Fetch Rewards is an equal employment opportunity employer.
Fetch’s next step in evolving the shopping experience will require a Senior Site Reliability Engineer.
The Senior Site Reliability Engineering (SRE) team combines software and systems engineering to build and run distributed, fault-tolerant systems at scale. SRE’s ensure that Fetch’s services - both our externally visible and internally critical systems - have reliability and uptime appropriate to our users’ needs. In addition, we keep an ever watchful eye on system capacity and performance. We’re proud to be our engineers’ engineers, and much of our software development focuses on optimizing existing systems, building infrastructure, and eliminating work through automation.

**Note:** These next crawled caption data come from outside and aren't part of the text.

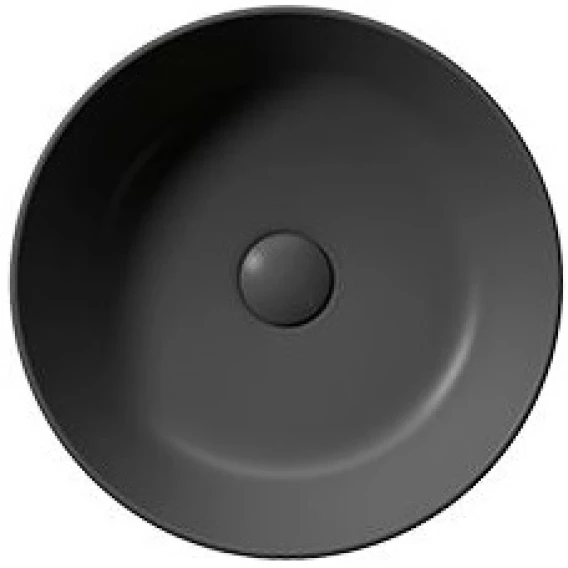 Раковина накладная круглая GSI KUBE X 943526 320 мм х 320 мм, без отверстия под смеситель, без перелива, цвет Чёрный матовый Ardesia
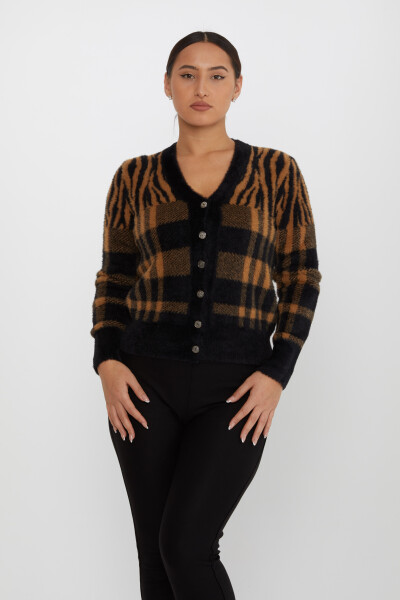 Cardigan in Angora con bottoni Nero-Marrone - 30586 | KAZEE (Set di 3 S-M-L) - 2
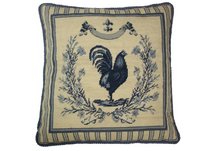 Blue French Country Rooster Needlepoint Pillow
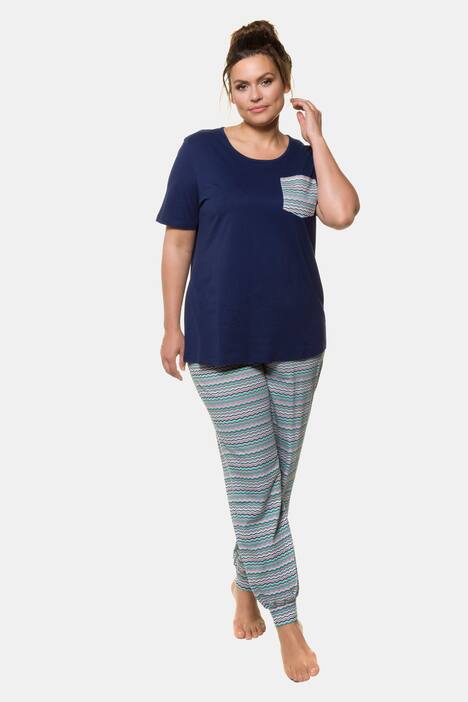 Pyjama, Zackenmuster, Pumphose, Elastiksaum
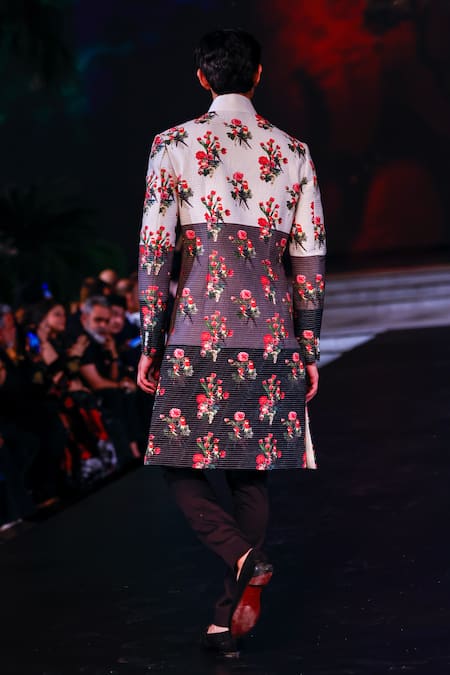 Rohit Bal Bloom Print & Stitchline Embroidered Sherwani 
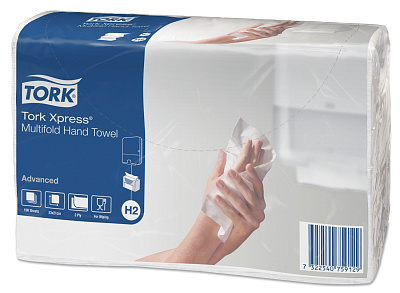 Двухслойные бумажные полотенца в пачках Торк H2 Комфорт Мультифолд (471117)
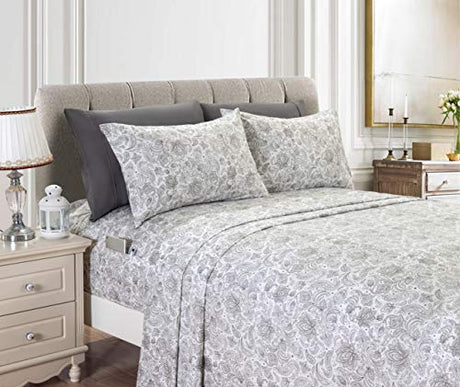 Elegant Comfort Amelia Paisley Printed 4-Piece Sheet Set, Deep Pocket 1500 Thread Count, Fade, Stain, and Wrinkle Resistant, Fitted Sheets with Smart Pockets, Paisley Sheet Set, Twin XL, Ash Gray Elegant Comfort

Fetch’s culture of diversity, intellectual curiosity, problem solving, and openness is key to our success. Our organization brings together people with a wide variety of backgrounds, experiences, and perspectives. We encourage them to collaborate, think big, and take risks in a blame-free environment. We promote self-direction to work on meaningful projects, while we also strive to create an environment that provides the support and mentorship needed to learn and grow.
In your tool-bag:
- Experience leading other engineers in software development or operational support.
- Experience performing incident response for a production environment.
- Experience in the design, development, and maintenance of production software.
- Experience conducting technical deep-dives into code, networking, operating systems, storage, and/or cloud provider APIs.
- Experience programming in one or more of the following: Java, Python, Go, C/C++, etc.
- Experience with Unix/Linux operating systems internals, networking, or cloud platforms (i.e., AWS, Azure, GCP).
- Experience with analyzing and troubleshooting systems.
- Bachelor's degree in Computer Science, related technical field, or equivalent practical experience.
- Experience participating in an on-call rotation providing 24x7x365 operational support.
- Experience designing, analyzing, and troubleshooting distributed systems.
- Experience designing and developing software oriented towards systems or infrastructure automation.
- Systematic problem-solving approach, coupled with effective communication skills and a sense of ownership and drive.
- Lead a team of Software/Systems Engineers on projects and be directly responsible for uptime.
- Facilitate and participate in an on-call rotation and blameless postmortems.
- Partner with fast-moving product development teams to create and maintain support procedures.
- Manage end-to-end availability and performance of key services and build automation to prevent problem recurrence.
- Automate response to all non-exceptional service conditions.
- Lead by example, mentor the team, and establish credibility through quality technical execution.
- Design, write, and deliver software to improve the availability, scalability, latency, and efficiency of Fetch’s services.